U.S. Manufacturing

Empowering Manufacturing’s Revolutionary Thinkers

By  Kathleen McLaughlin, SVP, Sustainability, and President, Walmart Foundation August 14, 2014

Creating big change doesn’t just happen in one big step. It does, however, require many big thinkers – the bright minds who can develop new processes and ideas to tackle every detail and slowly bring a massive transformation to life.

Expanding U.S. manufacturing is a big change we at Walmart have been focused on for nearly two years now, and since then, we’ve taken many smaller steps to make it a reality. Today is one of those. At our second U.S. Manufacturing Summit, we not only brought together government leaders, suppliers and our own leadership – we joined the Walmart Foundation and U.S. Conference of Mayors in announcing the first grant recipients of the Walmart U.S. Manufacturing Innovation Fund, an investment in the intelligence we need to shape a better future.

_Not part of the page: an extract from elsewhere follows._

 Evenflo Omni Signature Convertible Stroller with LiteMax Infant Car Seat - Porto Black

One example of a process that could use a forward-thinking re-examination is the manufacturing of blue jeans. This relaxed wardrobe staple may seem pretty simple, but making a pair is actually quite complicated – and not that efficient. The current method typically involves chemical washes and several dips into a vat of dye. It also consumes a good deal of water. Researchers at Texas Tech University, one of today’s fund recipients, have proposed an alternative wherein foam is used to apply the indigo dye, allowing jean manufacturers to finish three times as many pairs during the dyeing stage and reduce water usage by 50% to 70%.

Three other institutions received grants toward textile processes today – Georgia Tech Research Corporation and North Carolina State University at Raleigh have both created concepts for new sewing technology, and the University of Georgia Research Foundation developed an additional approach to more sustainable dyeing. Other recipients included Indiana University and Oregon State University for injection molding innovations and the University of Texas at Arlington for new systems in small motor assembly.

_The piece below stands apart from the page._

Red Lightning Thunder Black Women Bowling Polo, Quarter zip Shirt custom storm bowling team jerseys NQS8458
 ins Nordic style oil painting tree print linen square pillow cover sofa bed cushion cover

Innovation has long been part of the culture at Walmart, and I was proud to be a part of this announcement. Thinking creatively paid off today for these institutions, but the bigger payoff will be in changing the landscape of U.S. manufacturing and thus our collective future.

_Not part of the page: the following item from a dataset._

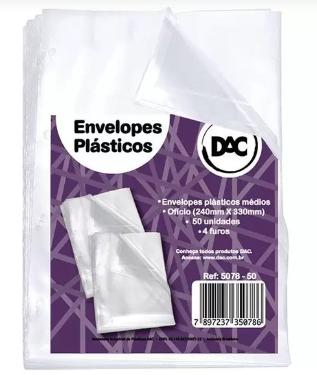 Envelope Pl�stico Oficio 4 Furos M�dio 0,10mm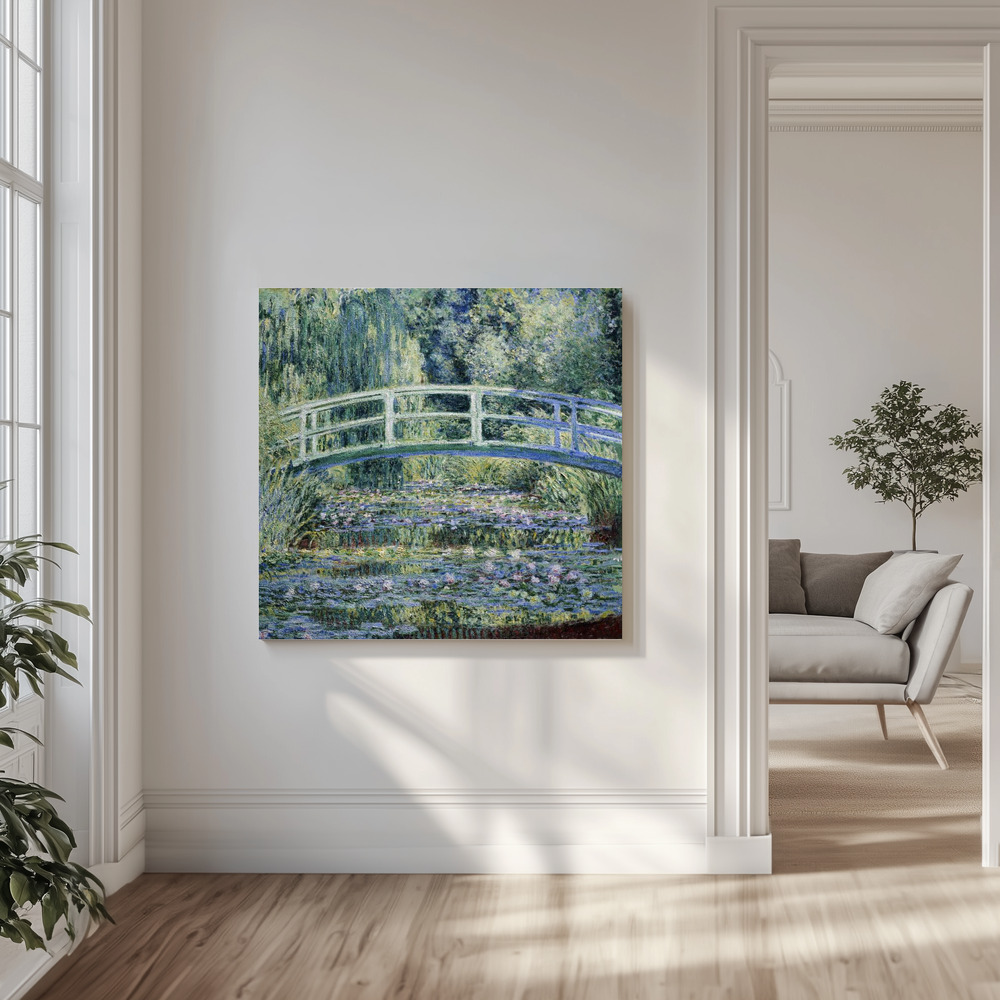 Leinwandbild - Water Lily Pond in der Wohnstube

Read more from Kathleen McLaughlin

3 Comments

Soteria AllenAUGUST 31, 2014 2:21 AM

We have a real good Christian manager locally who is kind and runs the store well! I also appreciate Wal-Mart and how they are working to bring back manufacturing & jobs to America that have been lost to other countries. I have found Wal-Mart, overall & for many years, to treat people as God wants a business to; trusting them,even at cost to themselves! But they know God's ways pay off, not only in being able to enjoy one's work and the people,but also in receiving God blessings monetarily!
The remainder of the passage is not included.